BEGIN Supplied data
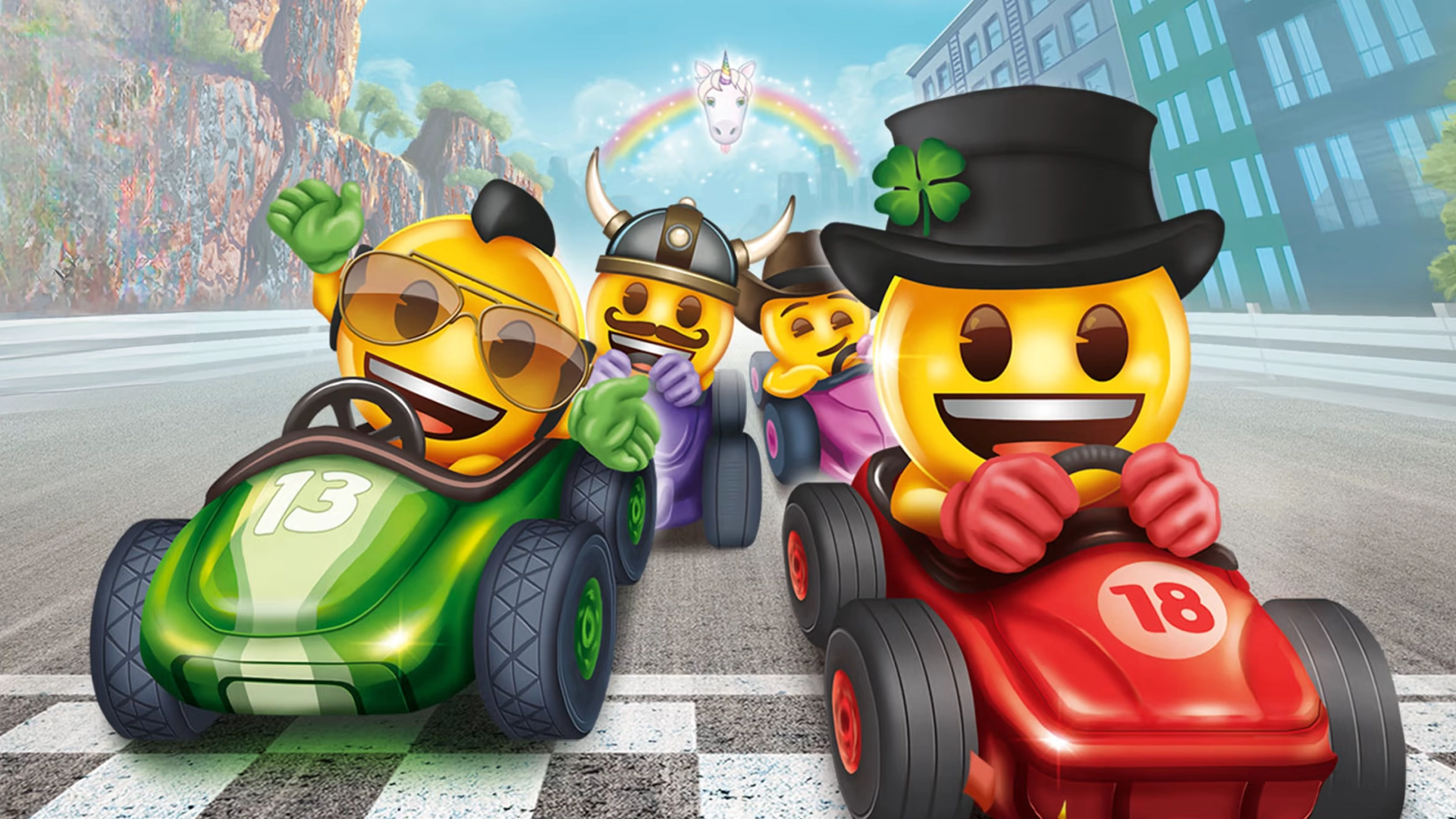Corrida na cidade no emoji Kart Racer.
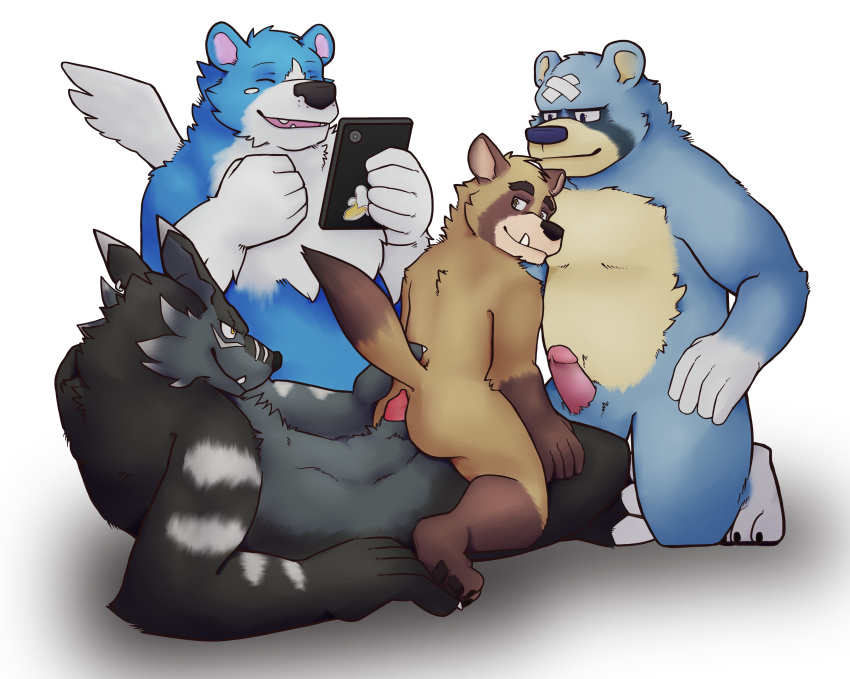 2020 absurd_res animal_crossing anthro ass balls blackweregarurumon blue_body blue_fur brown_body brown_fur canid canine cellphone closed_eyes curt_(animal_crossing) digimon digimon_(species) erection fur gay genitals grizzlesbear group hi_res male male/male mammal moosh nintendo oracle_of_ages oracle_of_seasons penis phone raccoon_dog sex shadowweregarurumon smartphone tanuki ursid video_games white_body white_fur wings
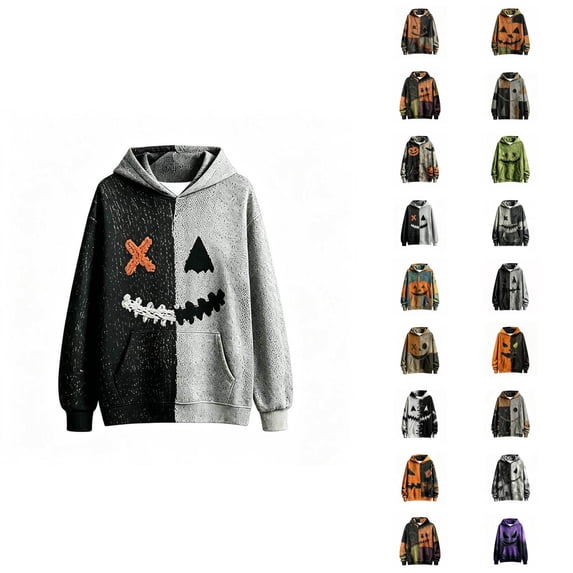Boys Halloween Hooded Sweatshirt Patchwork Graphic Pullover Hoodie 1-16 Years Halloween Party Outfit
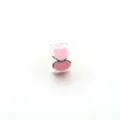 Silberner DIY Großloch Perlenanhänger mit rosa Emaille Herzmuster für wunderschöne Armbänder. - Herz / Rosa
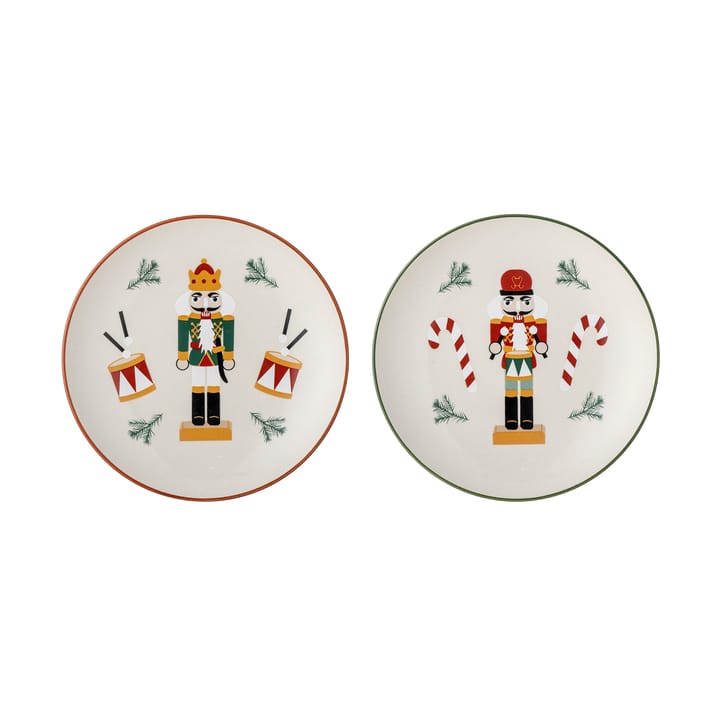 Plato de postre Jolly Ø16 cm 2 piezas - Blanco-rojo - Bloomingville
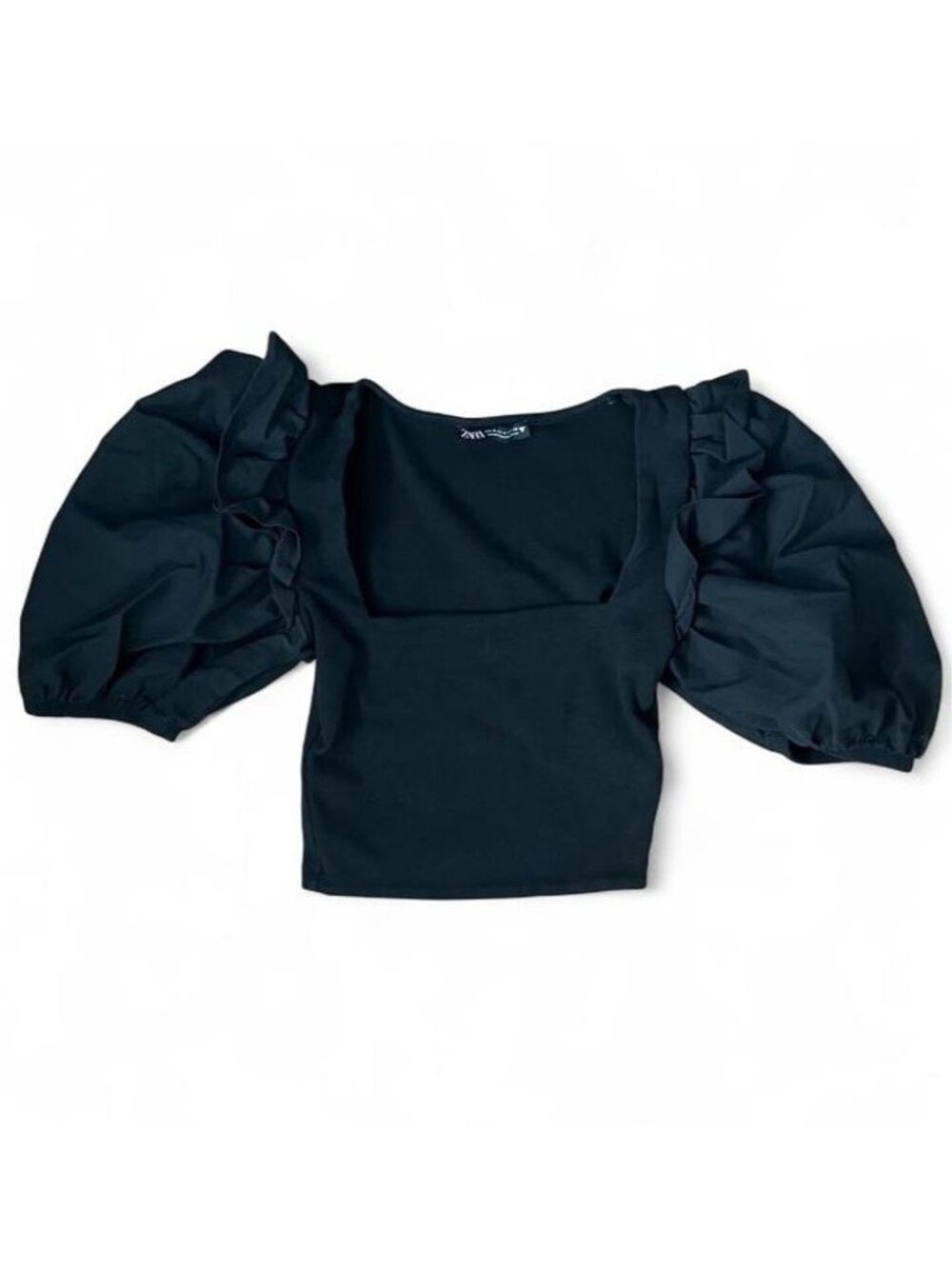 ZARA Black Square Neck Puff Sleeve Stretch Knit Crop Top Size S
END Supplied data
**Exercise instructions**: Reproduce nothing but the lines from the line containing "Boys Halloween Hooded" through the last line of the data above, exactly as written and without pictures.

**Solution for this exercise**:
Boys Halloween Hooded Sweatshirt Patchwork Graphic Pullover Hoodie 1-16 Years Halloween Party Outfit
 Silberner DIY Großloch Perlenanhänger mit rosa Emaille Herzmuster für wunderschöne Armbänder. - Herz / Rosa
 Plato de postre Jolly Ø16 cm 2 piezas - Blanco-rojo - Bloomingville
 ZARA Black Square Neck Puff Sleeve Stretch Knit Crop Top Size S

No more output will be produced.